Belichick plans to bring a pro-style sensibility to the college game complete with “his” people Mike Lombardi, Matt Patricia, Steve Belichick, and Josh McDaniels.
But will it work? And how does it alter the NFL coaching carousel and college football predictions?
First Things First: Why?
He’ll get to build the program as he wants. He’s hiring his acolytes who have been useless when they left the nest. And he’s setting a succession plan for his son Steve to take over for him when he leaves.

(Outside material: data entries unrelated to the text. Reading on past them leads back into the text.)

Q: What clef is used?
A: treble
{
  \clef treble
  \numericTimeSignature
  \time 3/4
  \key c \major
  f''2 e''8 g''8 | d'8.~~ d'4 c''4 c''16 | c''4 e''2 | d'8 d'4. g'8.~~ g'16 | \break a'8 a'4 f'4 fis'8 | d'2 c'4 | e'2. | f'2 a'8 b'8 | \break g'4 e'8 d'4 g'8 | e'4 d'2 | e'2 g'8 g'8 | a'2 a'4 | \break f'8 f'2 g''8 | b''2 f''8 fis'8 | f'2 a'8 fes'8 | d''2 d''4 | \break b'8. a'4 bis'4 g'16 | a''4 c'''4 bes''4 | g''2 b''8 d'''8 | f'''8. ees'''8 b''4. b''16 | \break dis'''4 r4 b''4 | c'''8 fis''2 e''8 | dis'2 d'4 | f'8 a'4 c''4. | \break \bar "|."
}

Still, Belichick has little patience for entertaining people who think they know football but, in his opinion, don’t. That is prevalent among NFL owners. Will it be different with the UNC boosters, alumni, board, and media? Humoring them is part of the job. And regardless of how witty and charming he can be when he feels like it, he’ll hate it. And these UNC bigwigs won’t tolerate being dismissed.
Mumble, grumble, grunt: “We’re onto Pitt.”

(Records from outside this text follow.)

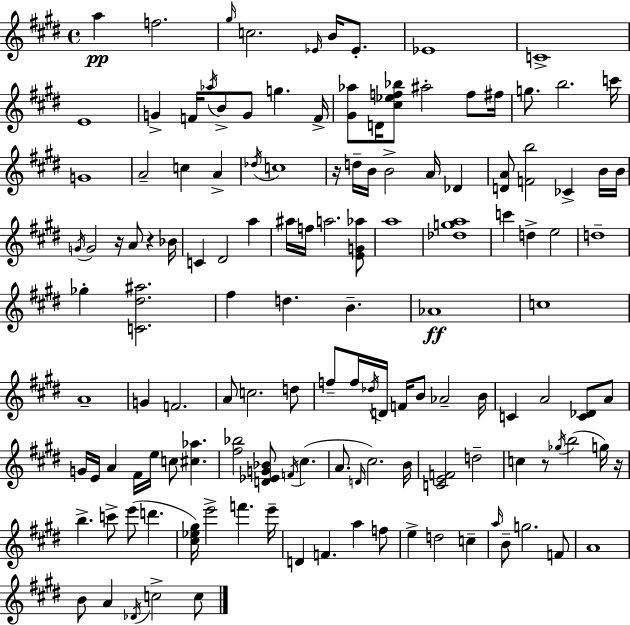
X:1
T:Untitled
M:4/4
L:1/4
K:E
a f2 ^g/4 c2 _E/4 B/4 _E/2 _E4 C4 E4 G F/4 _a/4 B/2 G/2 g F/4 [^G_a]/2 D/4 [^c_ef_b]/2 ^a2 f/2 ^f/4 g/2 b2 c'/4 G4 A2 c A _d/4 c4 z/4 d/4 B/4 B2 A/4 _D [DA]/2 [Fb]2 _C B/4 B/4 G/4 G2 z/4 A/2 z _B/4 C ^D2 a ^a/4 f/4 a2 [EG_a]/2 a4 [_dga]4 c' d e2 d4 _g [C^d^a]2 ^f d B _A4 c4 A4 G F2 A/2 c2 d/2 f/2 f/4 _d/4 D/4 F/4 B/2 _A2 B/4 C A2 [C_D]/2 A/2 G/4 E/4 A ^F/4 e/4 c/2 [^c_a] [^f_b]2 [D_EG_B]/2 F/4 ^c A/2 D/4 ^c2 B/4 [CEF]2 d2 c z/2 _g/4 b2 g/4 z/4 b c'/2 e'/2 d' [^c_e^g]/4 e'2 f' e'/4 D F a f/2 e d2 c a/4 B/2 g2 F/2 A4 B/2 A _D/4 c2 c/2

More importantly, the NFL had no jobs for him for one key reason beyond his demands for money and control…
…Whispers Turn to Shouts: Brady or Belichick?
Numbers need to be put into the proper context, but they do not lie. Belichick’s record without Tom Brady, counting playoffs, is 84-103. Without Belichick, Brady took a 7-9 Tampa Bay team and won the Super Bowl the next year.
These facts are not lost on NFL owners, general managers, and players.
Then they look at what happened to Mac Jones, who’s a constrained backup in Jacksonville dealing with PTSD from his Patriots days even after making the playoffs and the Pro Bowl as a rookie.
Asking whether they’re getting that misery who coached Cleveland or the “genius” from New England is not an insult. It’s a reasonable question.
Does This Shift the NCAA’s Football Balance of Power?
As close as Belichick is to Nick Saban and Urban Meyer among other big-time college coaches, this is not the same college game as the one those two dominated.
Saban retired, in part, because his tenure at Alabama had become a case of diminishing returns. The players did not need to listen to him anymore.
How many NFL prospects do the big-time college programs have at a given time? Is it 15? Is it 20? And with the landscape such as it is where the players can up and leave if they feel like it, how much power will Belichick have?
Will the preseason rankings suggesting North Carolina is a guaranteed BCS contender be believable just because Belichick is there?
A Splash Dwindles to a Ripple
The blaring headline of NFL News: Bill Belichick to coach North Carolina will keep the opinion columnists, and TV and radio hosts busy with content for a while. But it won’t matter in the grand scheme, nor will it change much with head coaching odds since he wasn’t getting an NFL job anyway.
This move will cause brief aftershocks that will either spark a greater exodus of pro coaches to the college ranks or serve as a case study of why the two iterations of the same sport will forever exist in separate galaxies.